What to produce
The lines below, from the one containing "Eiffel Tower Paris Apartment Exterior photo" through the one containing "488 NE 18th", should be set down exactly, with no pictures and nothing else.

Data
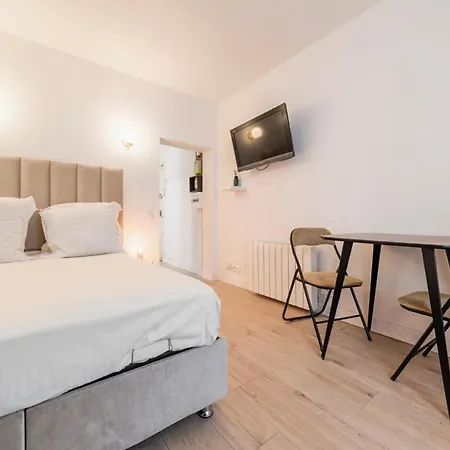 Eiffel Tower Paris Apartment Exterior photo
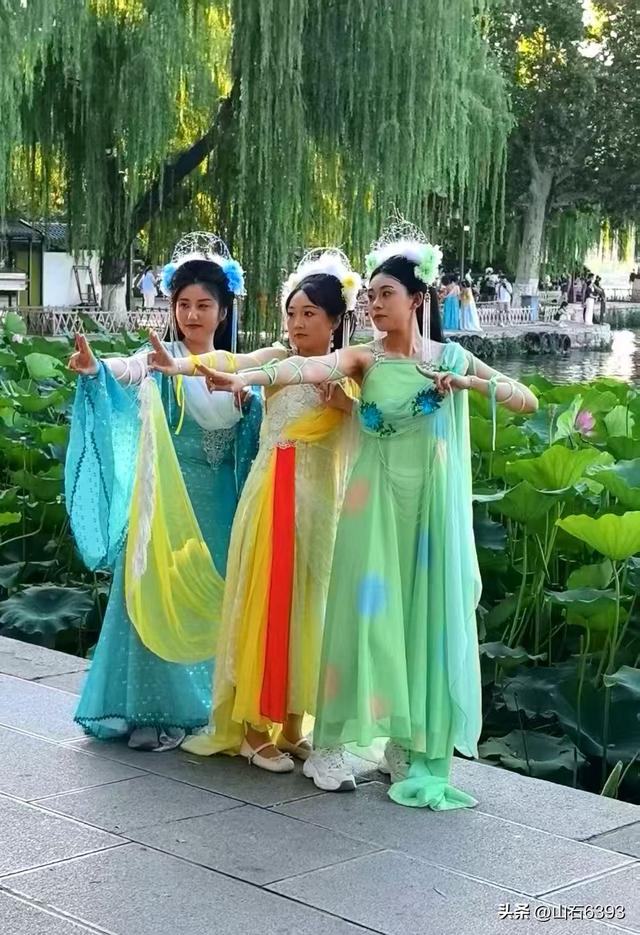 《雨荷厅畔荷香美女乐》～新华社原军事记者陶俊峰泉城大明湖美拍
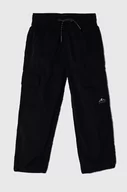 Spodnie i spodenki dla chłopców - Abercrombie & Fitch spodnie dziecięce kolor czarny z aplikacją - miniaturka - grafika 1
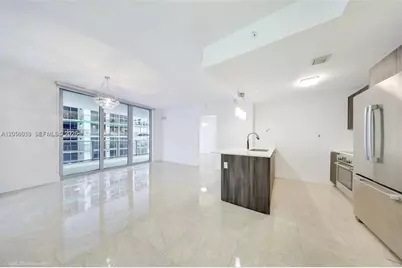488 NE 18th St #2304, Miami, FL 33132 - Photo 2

---

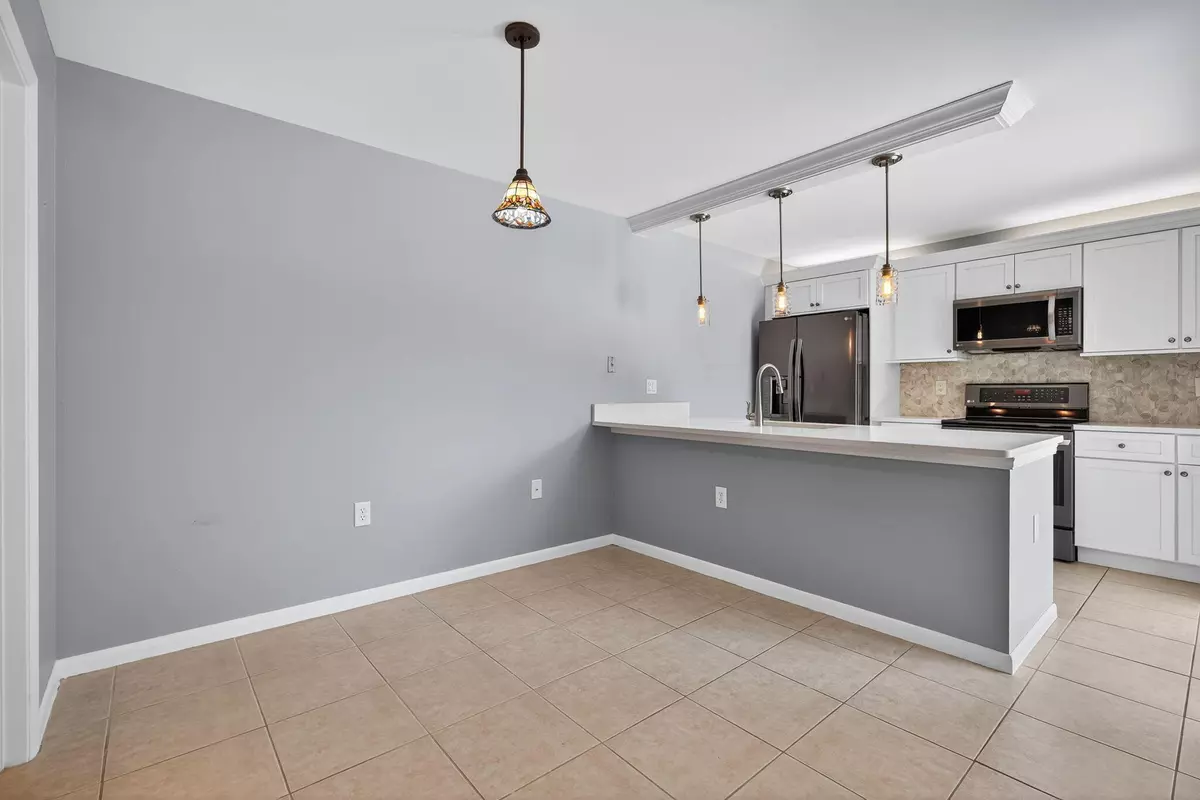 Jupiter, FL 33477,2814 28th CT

Output below
 Eiffel Tower Paris Apartment Exterior photo
 《雨荷厅畔荷香美女乐》～新华社原军事记者陶俊峰泉城大明湖美拍
 Spodnie i spodenki dla chłopców - Abercrombie & Fitch spodnie dziecięce kolor czarny z aplikacją - miniaturka - grafika 1
488 NE 18th St #2304, Miami, FL 33132 - Photo 2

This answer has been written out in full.